Six Steps to Turn the Homeschool You Have into the Homeschool You Really Want
Reinventing your homeschool is just part of the process, but this six-step process will help your homeschool grow in the ways that work best for your family.
1. Understand What You Really Want
The first step to getting what you want is knowing what you really want. That sounds simple, but this is where people often get hung up on vague ideas or not-quite-thought-out scenarios.
How do you want your homeschool to feel? What do you want it to accomplish? Life coach Erin Michaelson recommends borrowing a trick from the home decorating world and creating an inspiration board for your homeschool. “Choose images and words that reflect the way you want your homeschool to feel,” says Michaelson. “Don’t overthink it — just grab the images that appeal to you and start pinning them on a wall or Pinterest board.”
Your dream board may look different from what you imagined — maybe you had visions of a nature-centered Waldorf environment, but all your pictures are of cozy book nooks. That’s okay, says Michaelson. “Often, we don’t know exactly what we’re looking for until we start to pin it down.
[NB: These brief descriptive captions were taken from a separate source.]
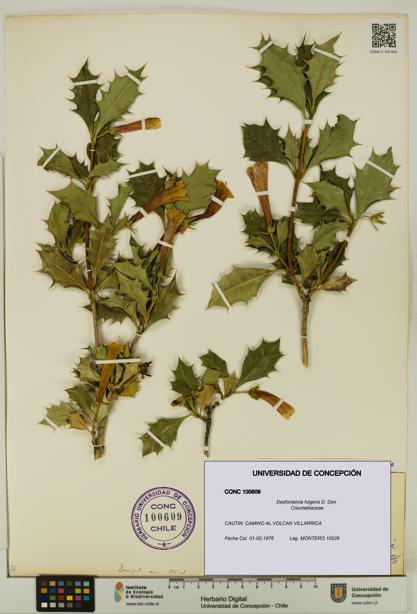 Desfontainia fulgens [Espécimen: UDEC:CONC:0100609]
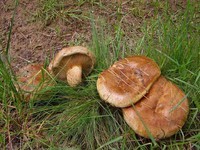 Свинухи грибы съедобные или нет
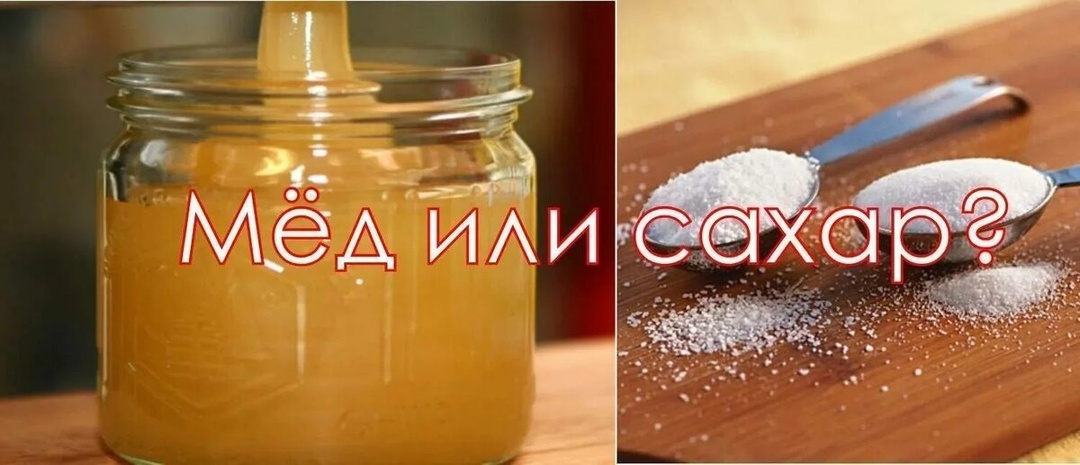 6 отличий мёда от сахара. Что вреднее после 50 — таблица для тех, кто следит за здоровьем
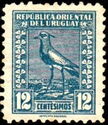 Southern Lapwing (Vanellus chilensis)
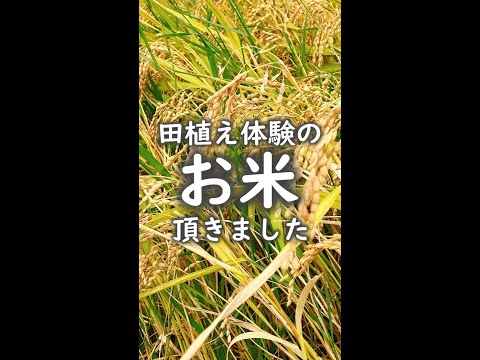 【田植え体験の新米を実食】千葉県匝瑳市のお米「匝瑳の舞 ふさこがね」#shorts  #稲刈り #新米 #ふさこがね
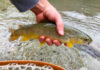 Photos & Story: A Time-Sensitive Brown Trout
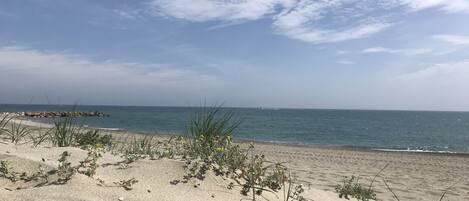 En la playa y camastros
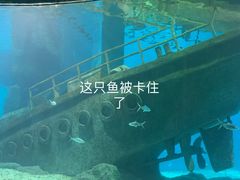 -福州罗源湾海洋世界旅游区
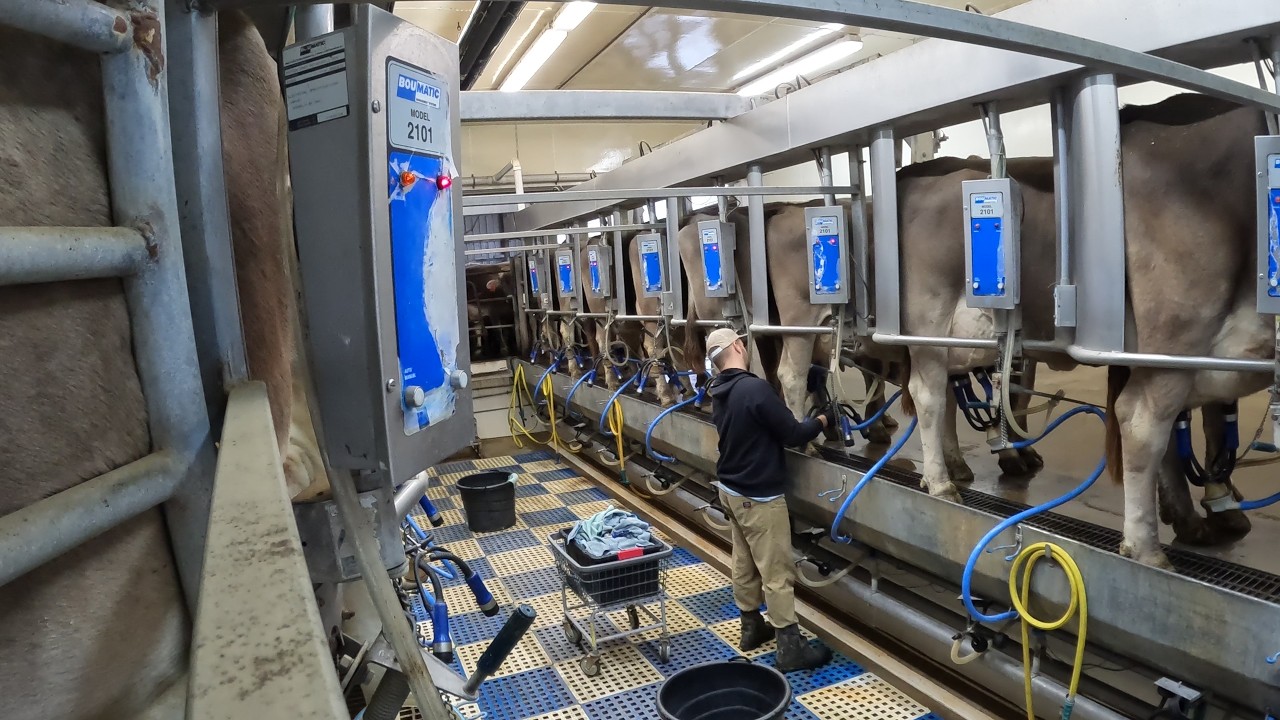 Доение нашего стада бурых швейцарских коров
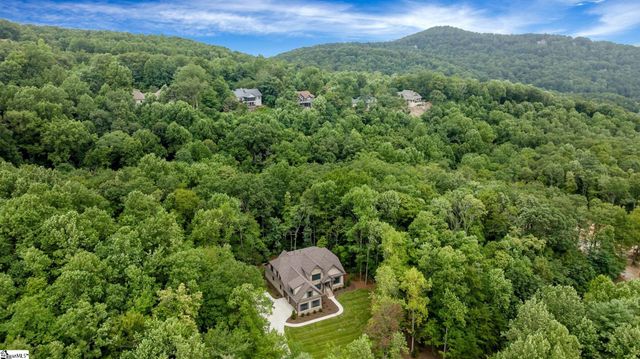 227 Snap Dragon Way, Landrum, SC 29356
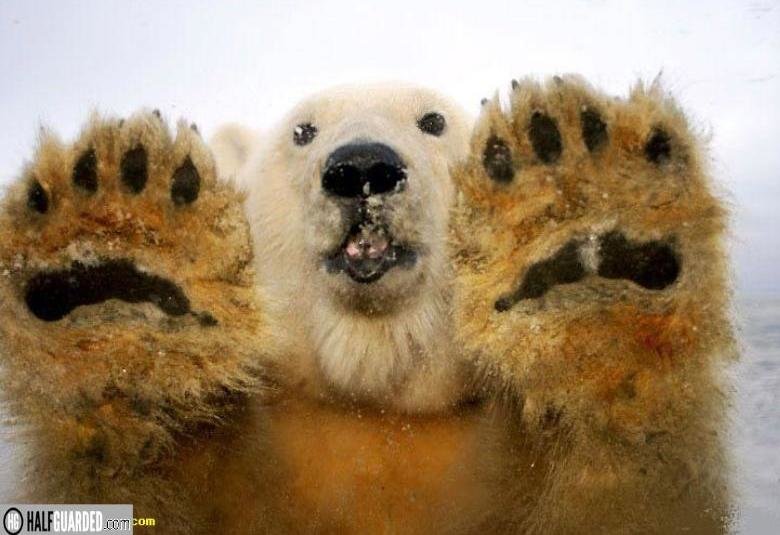 Bear Hands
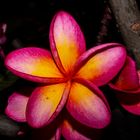 Plumeria syn. Frangipani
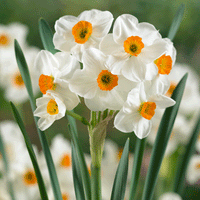 Thumbnail for Bulbi Narcise Tazetta Geranium 5 buc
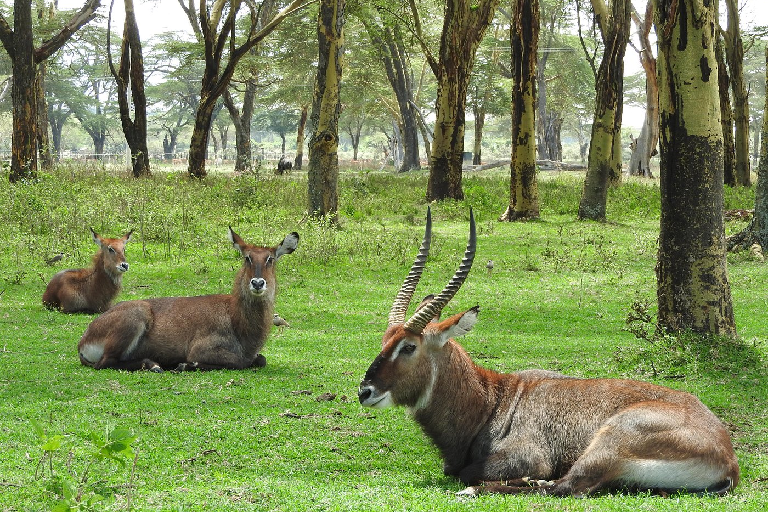 day-in-naivasha-crescent-island-and-hells-gate-3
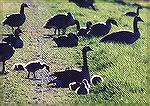 Geese and fluffy gosslings against the light
Ottawa NWR, OHCanada GooseSonja Schmitz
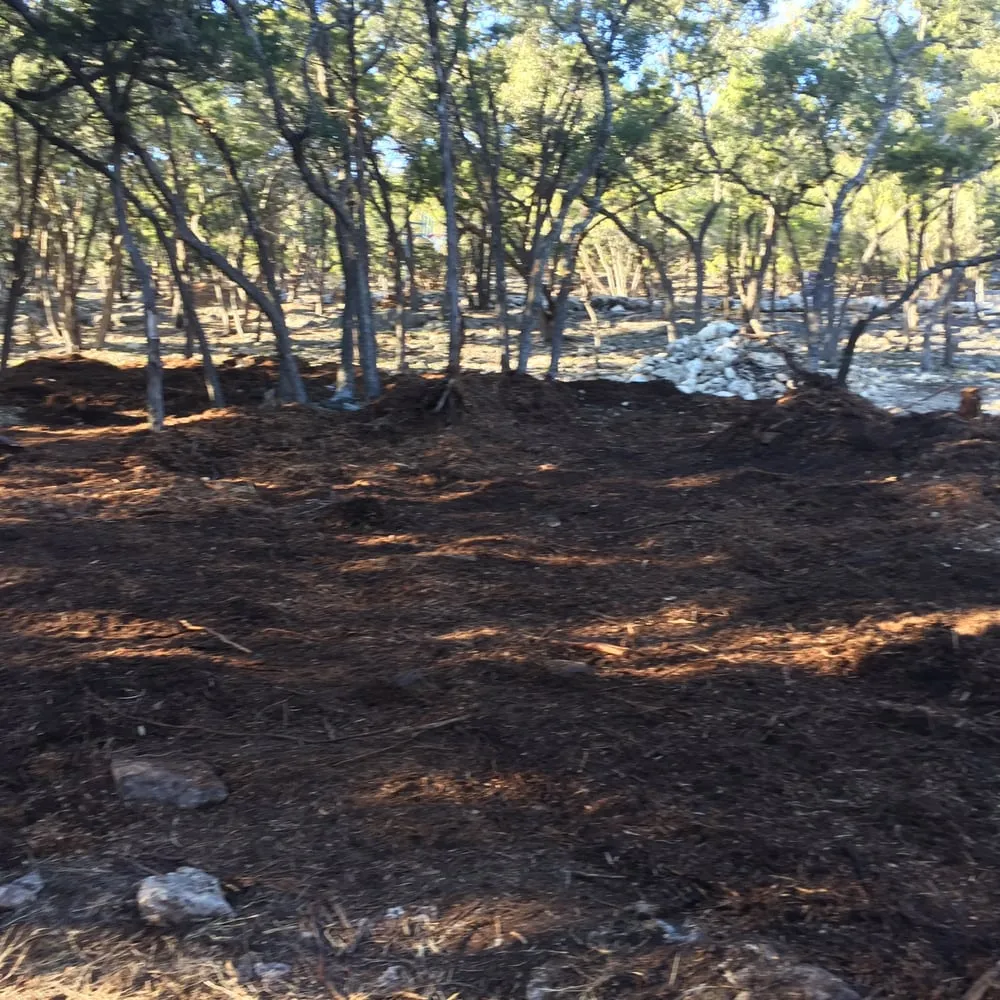 Expert residential landscaping near you in New Braunfels, TX by RTL Services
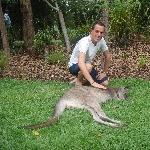 The Steve Irwin Australia Zoo in Beerwah, Queensland Diary Photos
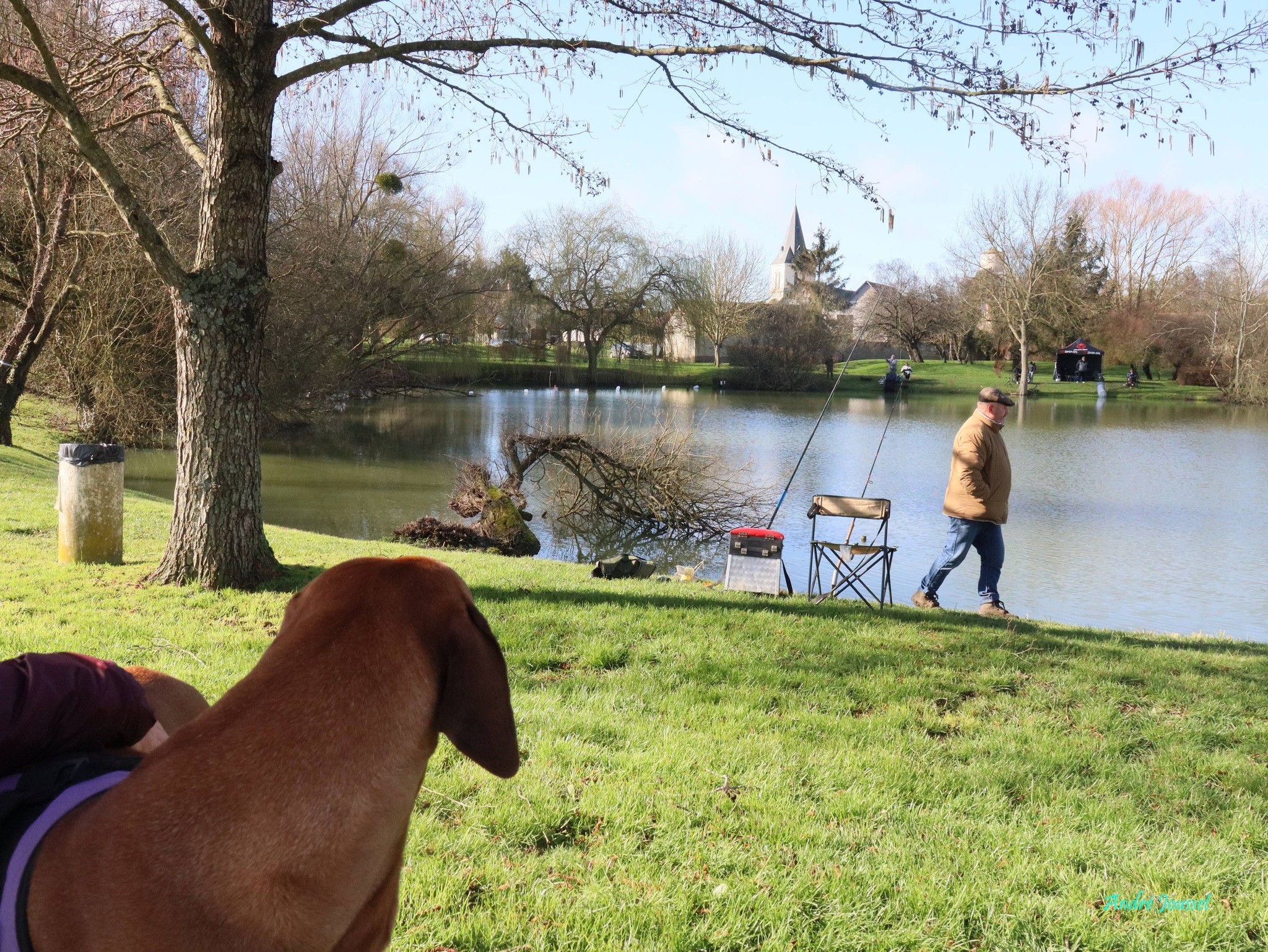 Les Amis Pêcheurs De Luzé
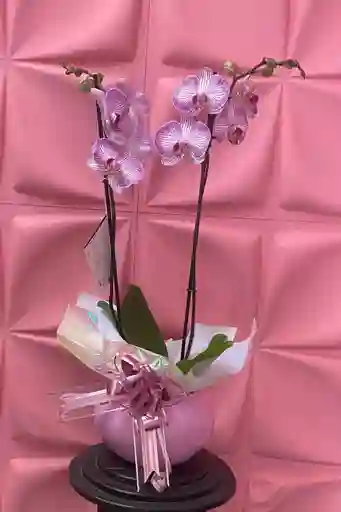 Orquídea Rosado Jaspeada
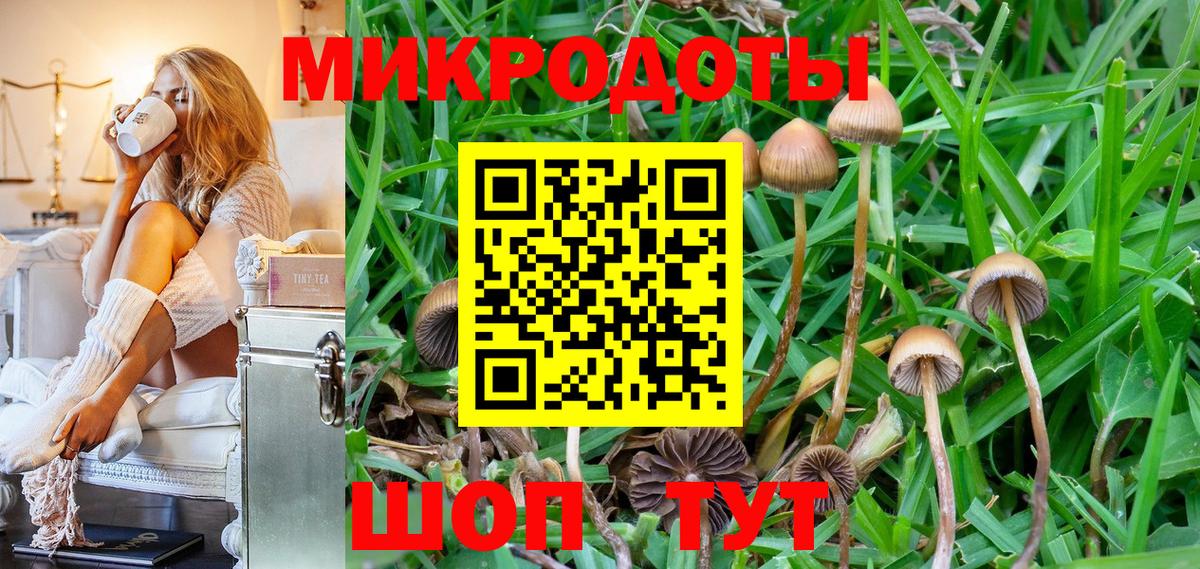 Псилоцибиновые грибы MAGIC MUSHROOMS Дубна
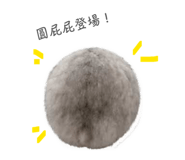 839775658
Sometimes, that disconnect can make us feel permanently dissatisfied because we haven’t taken the time to understand what we really want — we’re working toward the wrong things and trying to figure out why we’re so unhappy.” Really focus on what you want — not on what seems affordable, or reasonable, or doable in your current situation. This is your chance to dream big.
2. Know Where You Are
You need to know where you are before you can figure out how to go anywhere.
You probably spend a lot of time thinking about what you’d like your homeschool to be, but it’s equally important to understand where you are. Start another inspiration board to capture your current homeschool life: What is a typical day like? What do you do all day? How do you feel? How does your day look? Find words and pictures that reflect your homeschool as it actually is right now — and be honest. There will probably be good parts and parts that aren’t so photogenic — that’s okay. Go ahead and include what feels true, which may include messes and arguments, unfinished projects and kids playing video games all day. This is where you are, and it’s essential to have a clear picture of where exactly that is.
You probably have a clear idea of the things that aren’t going right, and that’s part of this project. But don’t neglect the things that are working for you, whether it’s little things like finally finding the perfect pencil sharpener or bigger-picture things like figuring out the right bedtime routine. Here are some things to consider:
Curriculum. Think both about the curriculum you are using and the subjects where you aren’t using curriculum. What’s working? What isn’t? What’s getting done, and what’s perpetually on your yeah-I-should-really-get-around-to-that list? What do your kids look forward to, and what do they dread?
Routine. What do your mornings look like? How do your afternoons feel? How do your days wind up? Pay attention to the parts of your routine that work really well and to the parts that aren’t really working. When do you feel the happiest? When is everyone the most productive? Definitely consider the parts of your day that fall under the traditional homeschool umbrella — the times when you are learning or working in focused ways — but give attention to the rest of your day, too, which is an important part of your family’s regular routine.
Yourself. This is one of those things that you might not usually give a lot of your energy to thinking about, but how you feel about yourself can play an important role in your homeschool. How do you feel during the day? What do you look like? What’s the first thing you think about in the morning and the last thing on your mind before you go to sleep?
3. What’s Missing?
Here’s where things get fun: You’re going to plot a course to start transforming the homeschool you have right now into the homeschool you really want.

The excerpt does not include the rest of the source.